Material shown

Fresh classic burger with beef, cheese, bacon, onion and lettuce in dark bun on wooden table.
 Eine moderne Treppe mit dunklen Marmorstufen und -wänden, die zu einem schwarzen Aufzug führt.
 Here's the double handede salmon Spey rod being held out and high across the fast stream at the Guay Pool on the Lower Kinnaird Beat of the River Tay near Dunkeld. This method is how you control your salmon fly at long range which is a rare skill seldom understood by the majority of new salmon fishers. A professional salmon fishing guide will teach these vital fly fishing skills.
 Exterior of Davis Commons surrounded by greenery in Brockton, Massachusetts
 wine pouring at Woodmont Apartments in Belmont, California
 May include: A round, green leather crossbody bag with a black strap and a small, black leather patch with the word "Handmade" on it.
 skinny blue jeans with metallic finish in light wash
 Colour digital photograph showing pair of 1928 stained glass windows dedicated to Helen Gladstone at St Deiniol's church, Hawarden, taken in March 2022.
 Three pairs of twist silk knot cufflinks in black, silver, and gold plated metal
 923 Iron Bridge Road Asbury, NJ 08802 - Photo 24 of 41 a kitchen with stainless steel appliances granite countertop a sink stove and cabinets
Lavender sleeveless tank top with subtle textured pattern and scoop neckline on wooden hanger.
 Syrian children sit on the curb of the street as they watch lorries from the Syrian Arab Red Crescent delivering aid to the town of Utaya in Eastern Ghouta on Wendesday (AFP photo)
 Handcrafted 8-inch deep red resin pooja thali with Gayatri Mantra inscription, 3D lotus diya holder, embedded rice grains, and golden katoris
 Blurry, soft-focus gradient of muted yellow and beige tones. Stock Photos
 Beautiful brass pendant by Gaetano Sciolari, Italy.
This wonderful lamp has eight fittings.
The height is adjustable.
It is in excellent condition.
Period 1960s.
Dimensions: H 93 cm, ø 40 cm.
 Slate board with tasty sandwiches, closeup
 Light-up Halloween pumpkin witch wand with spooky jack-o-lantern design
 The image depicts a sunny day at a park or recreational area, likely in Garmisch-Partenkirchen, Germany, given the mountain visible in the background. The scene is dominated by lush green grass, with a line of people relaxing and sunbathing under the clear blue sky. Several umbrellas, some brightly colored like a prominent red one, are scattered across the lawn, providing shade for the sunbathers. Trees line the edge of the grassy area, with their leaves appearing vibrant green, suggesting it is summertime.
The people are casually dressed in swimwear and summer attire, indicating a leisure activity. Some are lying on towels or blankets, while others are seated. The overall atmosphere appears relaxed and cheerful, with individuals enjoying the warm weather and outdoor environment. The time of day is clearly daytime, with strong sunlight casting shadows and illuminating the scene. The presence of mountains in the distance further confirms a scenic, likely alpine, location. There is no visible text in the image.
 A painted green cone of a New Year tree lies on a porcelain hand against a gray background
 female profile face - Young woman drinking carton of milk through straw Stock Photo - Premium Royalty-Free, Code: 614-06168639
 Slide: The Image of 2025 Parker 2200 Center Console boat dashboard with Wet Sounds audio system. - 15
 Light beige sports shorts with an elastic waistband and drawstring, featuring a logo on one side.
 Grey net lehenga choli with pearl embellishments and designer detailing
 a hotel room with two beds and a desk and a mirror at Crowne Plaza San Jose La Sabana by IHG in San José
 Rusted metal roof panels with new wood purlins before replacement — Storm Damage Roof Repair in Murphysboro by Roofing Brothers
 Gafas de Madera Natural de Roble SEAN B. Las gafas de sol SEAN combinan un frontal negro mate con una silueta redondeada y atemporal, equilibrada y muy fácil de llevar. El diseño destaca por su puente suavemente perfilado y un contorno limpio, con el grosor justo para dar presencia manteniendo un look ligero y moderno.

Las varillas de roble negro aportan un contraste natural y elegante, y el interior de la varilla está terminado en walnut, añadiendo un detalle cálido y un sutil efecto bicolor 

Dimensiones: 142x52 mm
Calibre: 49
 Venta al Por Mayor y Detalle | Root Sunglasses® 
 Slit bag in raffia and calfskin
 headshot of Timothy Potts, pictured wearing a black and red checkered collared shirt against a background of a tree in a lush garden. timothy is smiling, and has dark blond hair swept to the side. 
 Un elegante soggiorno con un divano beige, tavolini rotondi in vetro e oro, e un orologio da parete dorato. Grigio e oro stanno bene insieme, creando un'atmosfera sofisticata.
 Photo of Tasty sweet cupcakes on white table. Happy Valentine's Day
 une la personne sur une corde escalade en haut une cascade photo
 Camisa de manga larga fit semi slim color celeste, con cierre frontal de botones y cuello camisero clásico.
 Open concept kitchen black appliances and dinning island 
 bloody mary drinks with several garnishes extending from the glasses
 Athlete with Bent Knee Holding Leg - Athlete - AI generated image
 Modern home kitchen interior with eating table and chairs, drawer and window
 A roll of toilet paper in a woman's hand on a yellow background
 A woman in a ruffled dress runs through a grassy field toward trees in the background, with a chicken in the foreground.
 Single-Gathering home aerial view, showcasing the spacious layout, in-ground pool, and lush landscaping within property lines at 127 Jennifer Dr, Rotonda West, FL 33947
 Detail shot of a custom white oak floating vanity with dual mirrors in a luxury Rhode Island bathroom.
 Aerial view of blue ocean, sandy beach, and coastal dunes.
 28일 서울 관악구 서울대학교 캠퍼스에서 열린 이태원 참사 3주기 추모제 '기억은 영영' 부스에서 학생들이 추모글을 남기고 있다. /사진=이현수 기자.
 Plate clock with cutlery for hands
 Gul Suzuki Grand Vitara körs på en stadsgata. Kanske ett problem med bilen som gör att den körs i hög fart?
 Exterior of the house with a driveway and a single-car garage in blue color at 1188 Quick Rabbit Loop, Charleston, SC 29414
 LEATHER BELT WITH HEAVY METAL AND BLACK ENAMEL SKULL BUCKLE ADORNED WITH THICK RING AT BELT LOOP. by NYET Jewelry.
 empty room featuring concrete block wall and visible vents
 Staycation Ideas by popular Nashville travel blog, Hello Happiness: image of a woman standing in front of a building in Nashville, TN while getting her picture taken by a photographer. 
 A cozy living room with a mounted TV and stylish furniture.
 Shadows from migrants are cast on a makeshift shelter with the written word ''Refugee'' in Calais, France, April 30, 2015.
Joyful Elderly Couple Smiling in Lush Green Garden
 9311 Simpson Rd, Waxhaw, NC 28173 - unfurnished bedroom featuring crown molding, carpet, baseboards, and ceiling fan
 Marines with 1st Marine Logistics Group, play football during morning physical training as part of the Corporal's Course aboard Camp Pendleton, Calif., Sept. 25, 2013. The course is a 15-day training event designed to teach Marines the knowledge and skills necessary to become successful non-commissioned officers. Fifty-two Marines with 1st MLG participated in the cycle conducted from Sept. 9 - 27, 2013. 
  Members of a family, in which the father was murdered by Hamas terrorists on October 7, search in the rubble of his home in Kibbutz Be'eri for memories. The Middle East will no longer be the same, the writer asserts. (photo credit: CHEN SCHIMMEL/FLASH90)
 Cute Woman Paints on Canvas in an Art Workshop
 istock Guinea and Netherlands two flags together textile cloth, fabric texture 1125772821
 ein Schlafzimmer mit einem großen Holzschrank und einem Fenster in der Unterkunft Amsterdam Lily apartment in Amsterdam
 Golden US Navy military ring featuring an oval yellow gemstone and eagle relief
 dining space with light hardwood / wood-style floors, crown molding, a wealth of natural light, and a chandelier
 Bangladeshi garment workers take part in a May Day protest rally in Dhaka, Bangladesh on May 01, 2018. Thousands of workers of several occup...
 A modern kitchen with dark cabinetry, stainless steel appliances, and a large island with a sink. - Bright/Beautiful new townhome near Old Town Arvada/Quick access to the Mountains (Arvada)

What you have to do
Retype the entries above. Match them exactly.

Solution to this problem
Fresh classic burger with beef, cheese, bacon, onion and lettuce in dark bun on wooden table.
 Eine moderne Treppe mit dunklen Marmorstufen und -wänden, die zu einem schwarzen Aufzug führt.
 Here's the double handede salmon Spey rod being held out and high across the fast stream at the Guay Pool on the Lower Kinnaird Beat of the River Tay near Dunkeld. This method is how you control your salmon fly at long range which is a rare skill seldom understood by the majority of new salmon fishers. A professional salmon fishing guide will teach these vital fly fishing skills.
 Exterior of Davis Commons surrounded by greenery in Brockton, Massachusetts
 wine pouring at Woodmont Apartments in Belmont, California
 May include: A round, green leather crossbody bag with a black strap and a small, black leather patch with the word "Handmade" on it.
 skinny blue jeans with metallic finish in light wash
 Colour digital photograph showing pair of 1928 stained glass windows dedicated to Helen Gladstone at St Deiniol's church, Hawarden, taken in March 2022.
 Three pairs of twist silk knot cufflinks in black, silver, and gold plated metal
 923 Iron Bridge Road Asbury, NJ 08802 - Photo 24 of 41 a kitchen with stainless steel appliances granite countertop a sink stove and cabinets
Lavender sleeveless tank top with subtle textured pattern and scoop neckline on wooden hanger.
 Syrian children sit on the curb of the street as they watch lorries from the Syrian Arab Red Crescent delivering aid to the town of Utaya in Eastern Ghouta on Wendesday (AFP photo)
 Handcrafted 8-inch deep red resin pooja thali with Gayatri Mantra inscription, 3D lotus diya holder, embedded rice grains, and golden katoris
 Blurry, soft-focus gradient of muted yellow and beige tones. Stock Photos
 Beautiful brass pendant by Gaetano Sciolari, Italy.
This wonderful lamp has eight fittings.
The height is adjustable.
It is in excellent condition.
Period 1960s.
Dimensions: H 93 cm, ø 40 cm.
 Slate board with tasty sandwiches, closeup
 Light-up Halloween pumpkin witch wand with spooky jack-o-lantern design
 The image depicts a sunny day at a park or recreational area, likely in Garmisch-Partenkirchen, Germany, given the mountain visible in the background. The scene is dominated by lush green grass, with a line of people relaxing and sunbathing under the clear blue sky. Several umbrellas, some brightly colored like a prominent red one, are scattered across the lawn, providing shade for the sunbathers. Trees line the edge of the grassy area, with their leaves appearing vibrant green, suggesting it is summertime.
The people are casually dressed in swimwear and summer attire, indicating a leisure activity. Some are lying on towels or blankets, while others are seated. The overall atmosphere appears relaxed and cheerful, with individuals enjoying the warm weather and outdoor environment. The time of day is clearly daytime, with strong sunlight casting shadows and illuminating the scene. The presence of mountains in the distance further confirms a scenic, likely alpine, location. There is no visible text in the image.
 A painted green cone of a New Year tree lies on a porcelain hand against a gray background
 female profile face - Young woman drinking carton of milk through straw Stock Photo - Premium Royalty-Free, Code: 614-06168639
 Slide: The Image of 2025 Parker 2200 Center Console boat dashboard with Wet Sounds audio system. - 15
 Light beige sports shorts with an elastic waistband and drawstring, featuring a logo on one side.
 Grey net lehenga choli with pearl embellishments and designer detailing
 a hotel room with two beds and a desk and a mirror at Crowne Plaza San Jose La Sabana by IHG in San José
 Rusted metal roof panels with new wood purlins before replacement — Storm Damage Roof Repair in Murphysboro by Roofing Brothers
 Gafas de Madera Natural de Roble SEAN B. Las gafas de sol SEAN combinan un frontal negro mate con una silueta redondeada y atemporal, equilibrada y muy fácil de llevar. El diseño destaca por su puente suavemente perfilado y un contorno limpio, con el grosor justo para dar presencia manteniendo un look ligero y moderno.

Las varillas de roble negro aportan un contraste natural y elegante, y el interior de la varilla está terminado en walnut, añadiendo un detalle cálido y un sutil efecto bicolor 

Dimensiones: 142x52 mm
Calibre: 49
 Venta al Por Mayor y Detalle | Root Sunglasses® 
 Slit bag in raffia and calfskin
 headshot of Timothy Potts, pictured wearing a black and red checkered collared shirt against a background of a tree in a lush garden. timothy is smiling, and has dark blond hair swept to the side. 
 Un elegante soggiorno con un divano beige, tavolini rotondi in vetro e oro, e un orologio da parete dorato. Grigio e oro stanno bene insieme, creando un'atmosfera sofisticata.
 Photo of Tasty sweet cupcakes on white table. Happy Valentine's Day
 une la personne sur une corde escalade en haut une cascade photo
 Camisa de manga larga fit semi slim color celeste, con cierre frontal de botones y cuello camisero clásico.
 Open concept kitchen black appliances and dinning island 
 bloody mary drinks with several garnishes extending from the glasses
 Athlete with Bent Knee Holding Leg - Athlete - AI generated image
 Modern home kitchen interior with eating table and chairs, drawer and window
 A roll of toilet paper in a woman's hand on a yellow background
 A woman in a ruffled dress runs through a grassy field toward trees in the background, with a chicken in the foreground.
 Single-Gathering home aerial view, showcasing the spacious layout, in-ground pool, and lush landscaping within property lines at 127 Jennifer Dr, Rotonda West, FL 33947
 Detail shot of a custom white oak floating vanity with dual mirrors in a luxury Rhode Island bathroom.
 Aerial view of blue ocean, sandy beach, and coastal dunes.
 28일 서울 관악구 서울대학교 캠퍼스에서 열린 이태원 참사 3주기 추모제 '기억은 영영' 부스에서 학생들이 추모글을 남기고 있다. /사진=이현수 기자.
 Plate clock with cutlery for hands
 Gul Suzuki Grand Vitara körs på en stadsgata. Kanske ett problem med bilen som gör att den körs i hög fart?
 Exterior of the house with a driveway and a single-car garage in blue color at 1188 Quick Rabbit Loop, Charleston, SC 29414
 LEATHER BELT WITH HEAVY METAL AND BLACK ENAMEL SKULL BUCKLE ADORNED WITH THICK RING AT BELT LOOP. by NYET Jewelry.
 empty room featuring concrete block wall and visible vents
 Staycation Ideas by popular Nashville travel blog, Hello Happiness: image of a woman standing in front of a building in Nashville, TN while getting her picture taken by a photographer. 
 A cozy living room with a mounted TV and stylish furniture.
 Shadows from migrants are cast on a makeshift shelter with the written word ''Refugee'' in Calais, France, April 30, 2015.
Joyful Elderly Couple Smiling in Lush Green Garden
 9311 Simpson Rd, Waxhaw, NC 28173 - unfurnished bedroom featuring crown molding, carpet, baseboards, and ceiling fan
 Marines with 1st Marine Logistics Group, play football during morning physical training as part of the Corporal's Course aboard Camp Pendleton, Calif., Sept. 25, 2013. The course is a 15-day training event designed to teach Marines the knowledge and skills necessary to become successful non-commissioned officers. Fifty-two Marines with 1st MLG participated in the cycle conducted from Sept. 9 - 27, 2013. 
  Members of a family, in which the father was murdered by Hamas terrorists on October 7, search in the rubble of his home in Kibbutz Be'eri for memories. The Middle East will no longer be the same, the writer asserts. (photo credit: CHEN SCHIMMEL/FLASH90)
 Cute Woman Paints on Canvas in an Art Workshop
 istock Guinea and Netherlands two flags together textile cloth, fabric texture 1125772821
 ein Schlafzimmer mit einem großen Holzschrank und einem Fenster in der Unterkunft Amsterdam Lily apartment in Amsterdam
 Golden US Navy military ring featuring an oval yellow gemstone and eagle relief
 dining space with light hardwood / wood-style floors, crown molding, a wealth of natural light, and a chandelier
 Bangladeshi garment workers take part in a May Day protest rally in Dhaka, Bangladesh on May 01, 2018. Thousands of workers of several occup...
 A modern kitchen with dark cabinetry, stainless steel appliances, and a large island with a sink. - Bright/Beautiful new townhome near Old Town Arvada/Quick access to the Mountains (Arvada)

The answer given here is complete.